Il est des secondes qui ne ressemblent à aucune autre. Celles qui précèdent un coup franc décisif. Celles qui séparent une frappe du cadre. Celles qui s’étirent pendant un temps additionnel interminable. Celles, enfin, qui conduisent au coup de sifflet final et font basculer une saison entière dans l’histoire. Pour Hublot, ces secondes ont depuis longtemps trouvé un terrain d’expression privilégié : celui du football.

À Budapest, le 30 mai 2026, l’UEFA Champions League 2025/26 a refermé son chapitre sur une finale à la hauteur de sa légende. Une soirée de tension, de ferveur et de passion, durant laquelle chaque minute du jeu a été accompagnée par Hublot, chronométreur officiel de la compétition. Une présence qui ne relève plus seulement du partenariat, mais d’un véritable ancrage culturel. À force d’apparaître au bord des terrains, le fameux tableau du quatrième arbitre Hublot est devenu l’un des signes reconnaissables du football contemporain.

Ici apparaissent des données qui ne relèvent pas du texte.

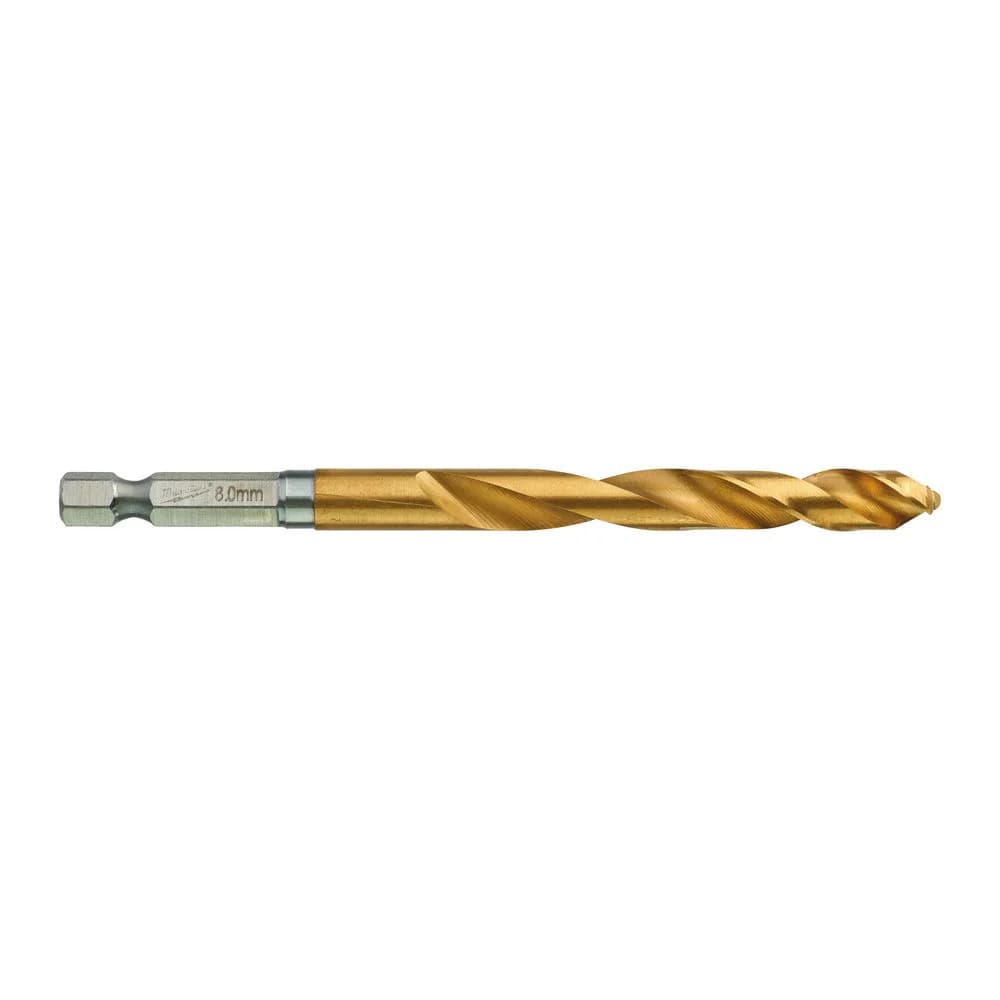 ΤΡΥΠΑΝΙΑ ΤΙΤΑΝΙΟΥ 1/4'' 8MM 48894719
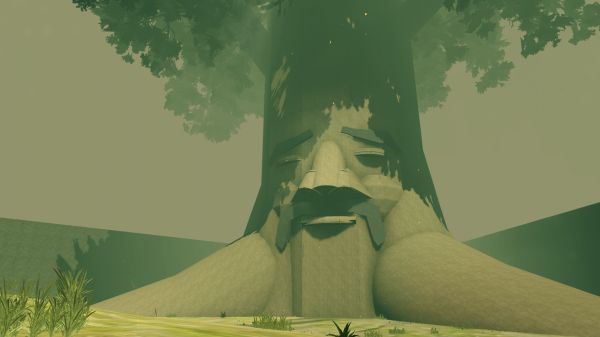 Inside The Deku Tree pt.1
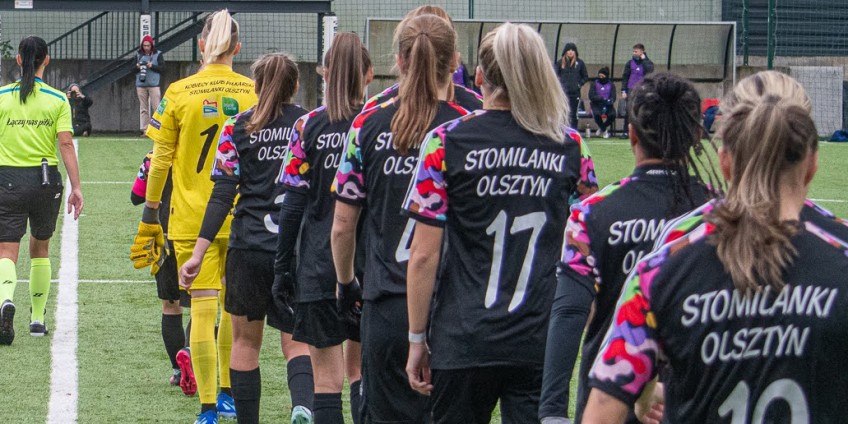 Trener Stomilanek wykluczony ze struktur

Cette saison avait, pour la maison suisse, une résonance particulière. Vingt ans se sont écoulés depuis les premiers pas de Hublot dans l’univers du ballon rond. Deux décennies au cours desquelles la marque a construit une relation unique avec ce sport planétaire, jusqu’à revendiquer pleinement son statut de première montre du football.
Une histoire commencée en 2006
L’aventure débute en 2006, lorsque Hublot devient sponsor de l’équipe nationale suisse. Le geste est alors audacieux. À cette époque, voir une maison horlogère de luxe investir aussi directement le football n’allait pas de soi. L’horlogerie traditionnelle regardait encore davantage vers les sports élégants, les univers feutrés, les disciplines associées à une certaine idée classique du prestige.

Hublot choisit une autre voie. Fidèle à son tempérament disruptif, la marque comprend que le football n’est pas seulement un sport populaire. Il est un langage universel. Il rassemble les générations, traverse les continents, crée des émotions immédiates et parfois irrationnelles. Autrement dit, il possède cette puissance de communion que les grandes maisons recherchent lorsqu’elles veulent dépasser le simple cadre du produit.
Depuis ce premier engagement, le parcours s’est considérablement enrichi. Hublot a accompagné plusieurs Coupes du Monde de la FIFA, plusieurs éditions de l’UEFA EURO, la Premier League, des clubs majeurs, ainsi que les grandes compétitions féminines. En 2015, la marque est devenue Montre Officielle de l’UEFA Champions League et de l’UEFA Europa League. Dix ans plus tard, elle a chronométré plus de 800 matchs de la plus prestigieuse compétition européenne de clubs.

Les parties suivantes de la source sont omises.